Snoeyenbos v. Curtis

CourtDistrict Court, E.D. Virginia
DecidedFebruary 5, 2020
Docket3:19-cv-00377
StatusUnknown

This text of Snoeyenbos v. Curtis (Snoeyenbos v. Curtis) is published on Counsel Stack Legal Research, covering District Court, E.D. Virginia primary law. Counsel Stack provides free access to over 12 million legal documents including statutes, case law, regulations, and constitutions.

Bluebook
Snoeyenbos v. Curtis, (E.D. Va. 2020).

Opinion

IN THE UNITED STATES DISTRICT COURT FOR THE EASTERN DISTRICT OF VIRGINIA Richmond Division REBECCA SNOEYENBOS, Plaintiff, v. Civil No. 3:19¢cv377 (DJN) MARCIA CURTIS, Deputy Sheriff of Spotsylvania County, in Her Personal Capacity, Defendant. MEMORANDUM OPINION Plaintiff Rebecca Snoeyenbos (“Plaintiff”) brings this action pursuant to 42 U.S.C. § 1983 against Spotsylvania County Deputy Sheriff Marcia Curtis (“Defendant”), alleging that Defendant violated her First Amendment rights by offering to buy lunch for a fellow deputy if he issued a citation to Plaintiff for reckless driving in retaliation for Plaintiff complaining to the Spotsylvania County Sheriff and her social media followers about Defendant. This matter comes before the Court on Defendant’s Motion for Summary Judgment (ECF No. 43), moving the Court to grant summary judgment to Defendant on the issue of qualified immunity.
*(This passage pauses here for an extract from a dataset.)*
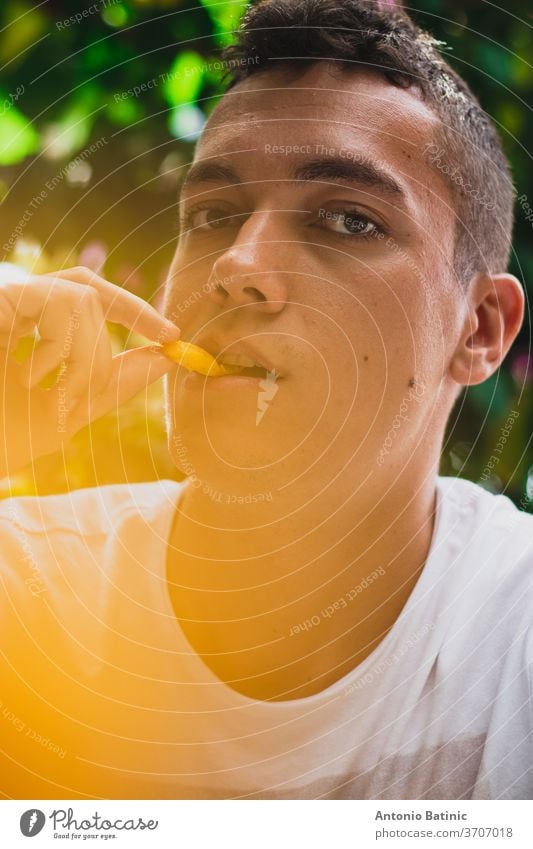 Closeup of an adult handsome man eating french fries, yellow glow bokeh through the potatos hot happiness color fried casual organic face chips healthy fresh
For the reasons set forth below, the Court GRANTS IN PART and DENIES IN PART Defendant’s Motion for Summary Judgment (ECF No. 43). The Court GRANTS Defendant’s Motion to the extent that Plaintiff alleges Defendant’s liability on a theory that Defendant threatened, coerced or intimidated her in retaliation for her First Amendment activity or on a theory that the traffic citation issued to her had a chilling effect on her speech, and the Court DENIES Defendant’s Motion to the extent that Plaintiff alleges Defendant’s liability on a theory that Defendant’s inducement of another officer to issue the traffic citation violated her rights.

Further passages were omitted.